**Problem to work on**
Please transcribe the data that follows without the pictures, keeping every word the same.

--- START ---

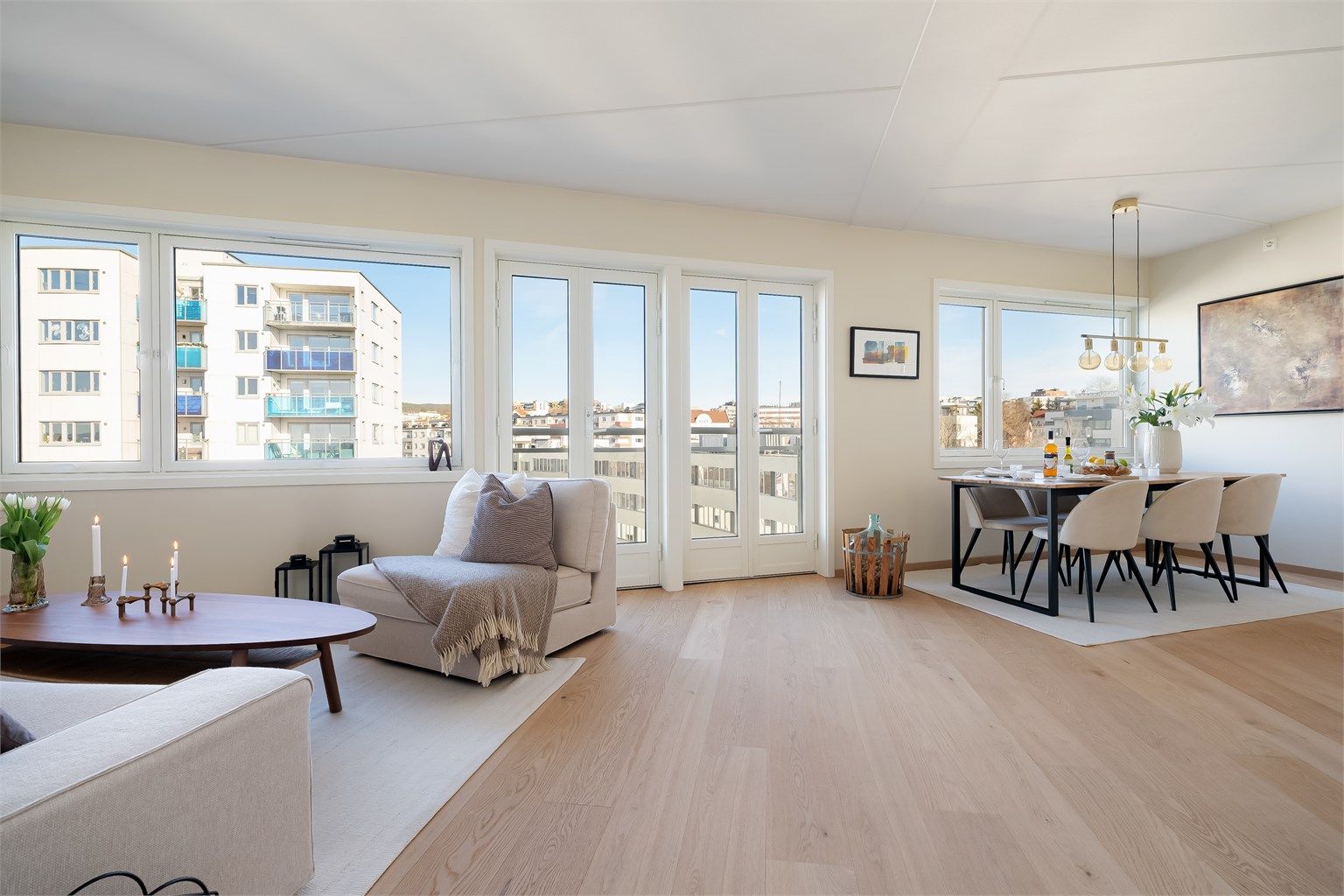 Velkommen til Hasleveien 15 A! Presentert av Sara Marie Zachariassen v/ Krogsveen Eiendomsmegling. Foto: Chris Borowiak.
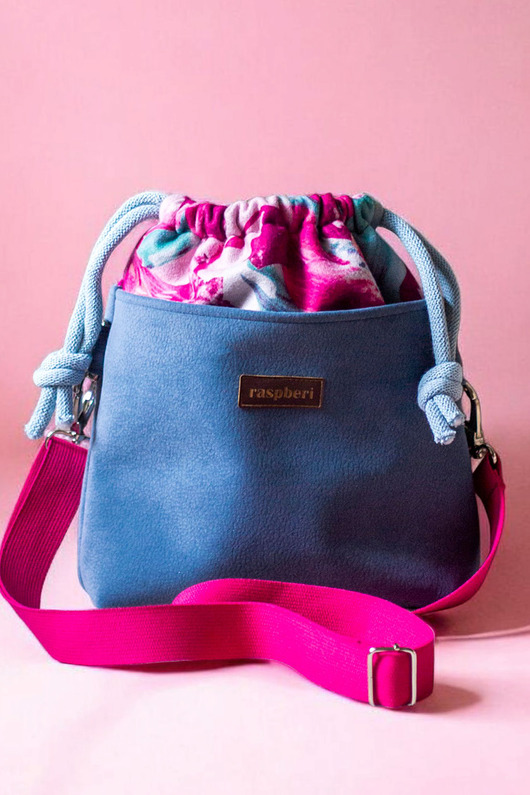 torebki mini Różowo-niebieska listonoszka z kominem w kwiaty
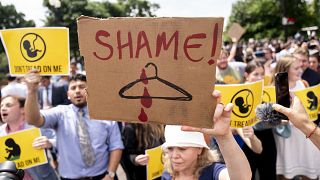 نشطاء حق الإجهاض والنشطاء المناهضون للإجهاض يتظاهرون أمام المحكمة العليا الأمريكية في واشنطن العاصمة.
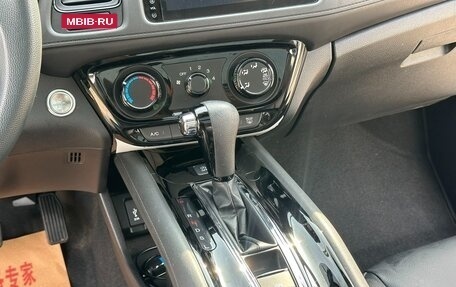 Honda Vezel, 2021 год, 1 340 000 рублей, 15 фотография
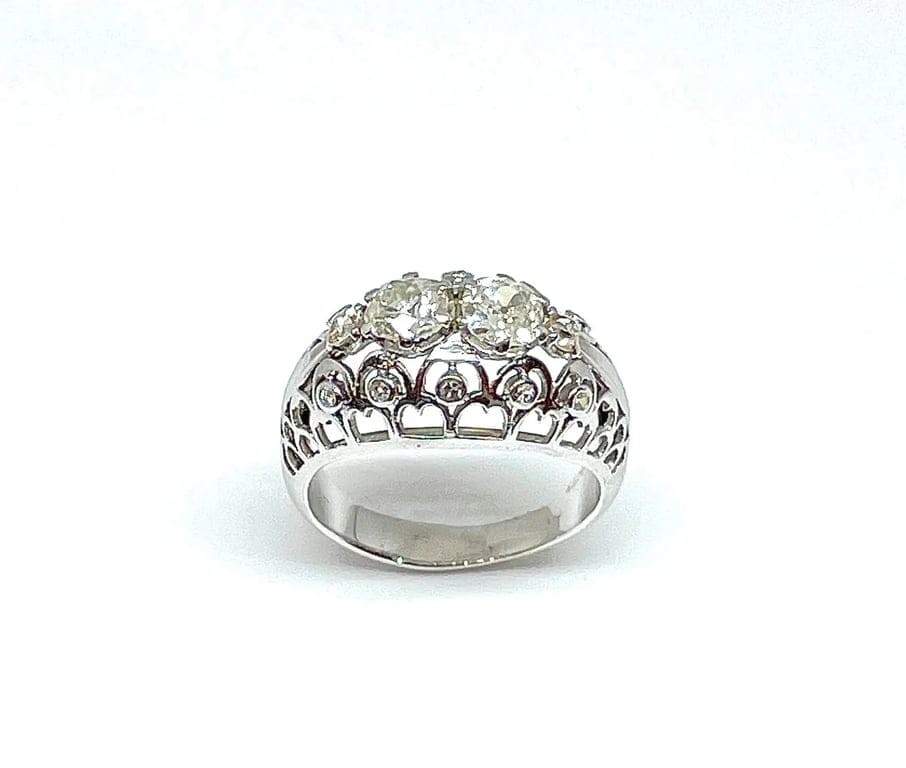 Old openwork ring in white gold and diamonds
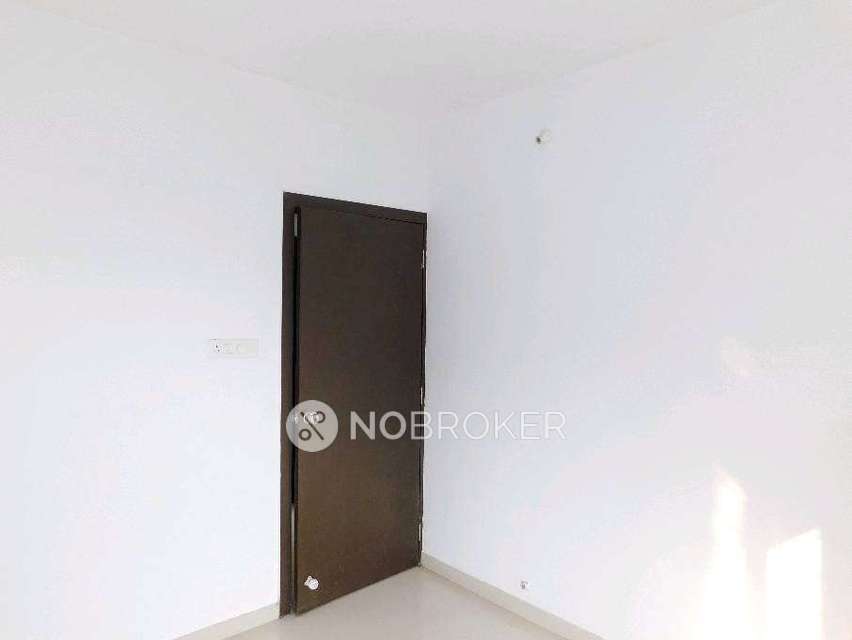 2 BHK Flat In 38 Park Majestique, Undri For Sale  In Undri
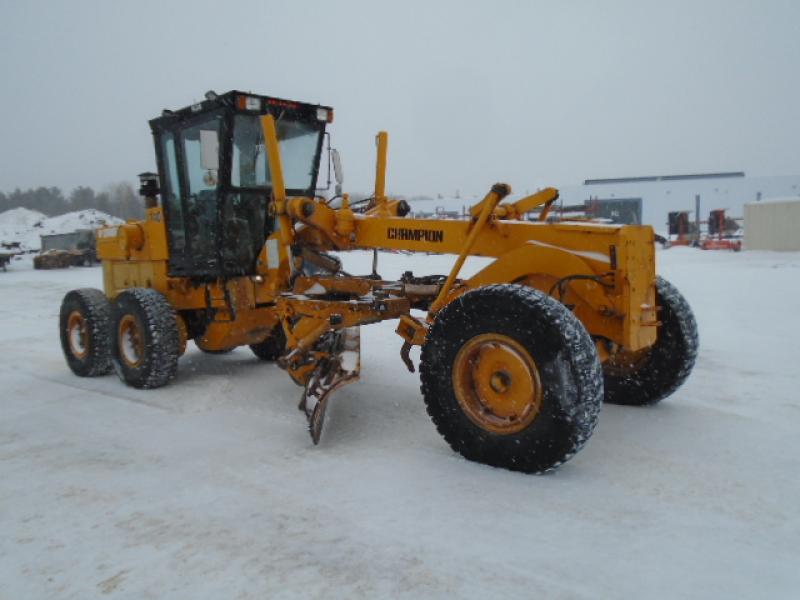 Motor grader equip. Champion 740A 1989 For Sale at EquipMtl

--- END ---

**Task response**
 Velkommen til Hasleveien 15 A! Presentert av Sara Marie Zachariassen v/ Krogsveen Eiendomsmegling. Foto: Chris Borowiak.
 torebki mini Różowo-niebieska listonoszka z kominem w kwiaty
 نشطاء حق الإجهاض والنشطاء المناهضون للإجهاض يتظاهرون أمام المحكمة العليا الأمريكية في واشنطن العاصمة.
 Honda Vezel, 2021 год, 1 340 000 рублей, 15 фотография
 Old openwork ring in white gold and diamonds
 2 BHK Flat In 38 Park Majestique, Undri For Sale  In Undri
 Motor grader equip. Champion 740A 1989 For Sale at EquipMtl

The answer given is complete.